Alternatively, I am not familiar with the new (?) Java I/O libraries but would it be an option to memory-map the 500 GB text file (I'm on a 64-bit machine with memory to spare) and do binary search on the memory-mapped byte array? I would be very interested to hear any experiences you have to share about this and similar problems.

Answer

Stu Thompson picture Stu Thompson · Apr 10, 2009

I am a big fan of Java's MappedByteBuffers for situations like this. It is blazing fast. Below is a snippet I put together for you that maps a buffer to the file, seeks to the middle, and then searches backwards to a newline character. This should be enough to get you going?

I have similar code (seek, read, repeat until done) in my own application, benchmarked java.io streams against MappedByteBuffer in a production environment and posted the results on my blog (Geekomatic posts tagged 'java.nio' ) with raw data, graphs and all.

Two second summary? My MappedByteBuffer-based implementation was about 275% faster. YMMV.

To work for files larger than ~2GB, which is a problem because of the cast and .position(int pos), I've crafted paging algorithm backed by an array of MappedByteBuffers. You'll need to be working on a 64-bit system for this to work with files larger than 2-4GB because MBB's use the OS's virtual memory system to work their magic.
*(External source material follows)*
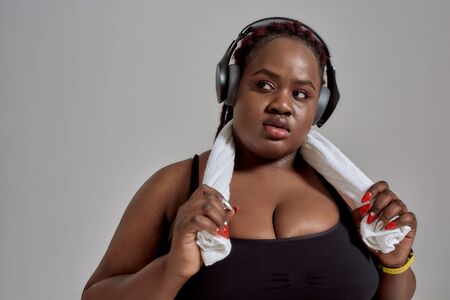 Results with resolve. Plump, plus size african american woman in sportswear and headphones holding towel around her neck, posing in studio over grey backgroundの写真素材
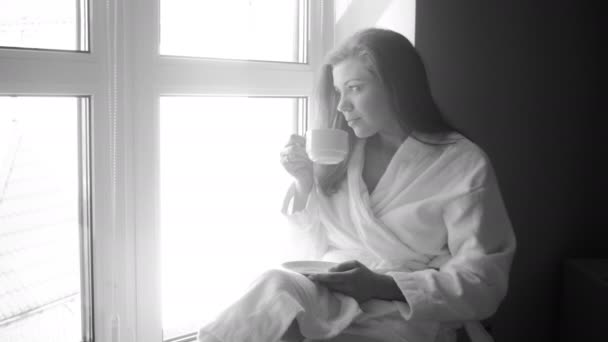 4k en blanco y negro video de hermosa mujer bebiendo café en el alféizar de la ventana — Vídeos de Stock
public class StusMagicLargeFileReader  {
    private static final long PAGE_SIZE = Integer.MAX_VALUE;
    private List<MappedByteBuffer> buffers = new ArrayList<MappedByteBuffer>();
    private final byte raw[] = new byte[1];

    public static void main(String[] args) throws IOException {
        File file = new File("/Users/stu/test.txt");
        FileChannel fc = (new FileInputStream(file)).getChannel(); 
        StusMagicLargeFileReader buffer = new StusMagicLargeFileReader(fc);
        long position = file.length() / 2;
        String candidate = buffer.getString(position--);
        while (position >=0 && !candidate.equals('\n')) 
            candidate = buffer.getString(position--);
        //have newline position or start of file...do other stuff    
    }
    StusMagicLargeFileReader(FileChannel channel) throws IOException {
        long start = 0, length = 0;
        for (long index = 0; start + length < channel.size(); index++) {
            if ((channel.size() / PAGE_SIZE) == index)
                length = (channel.size() - index *  PAGE_SIZE) ;
            else
                length = PAGE_SIZE;
            start = index * PAGE_SIZE;
            buffers.add(index, channel.map(READ_ONLY, start, length));
        }    
    }
    public String getString(long bytePosition) {
        int page  = (int) (bytePosition / PAGE_SIZE);
        int index = (int) (bytePosition % PAGE_SIZE);
        raw[0] = buffers.get(page).get(index);
        return new String(raw);
    }
}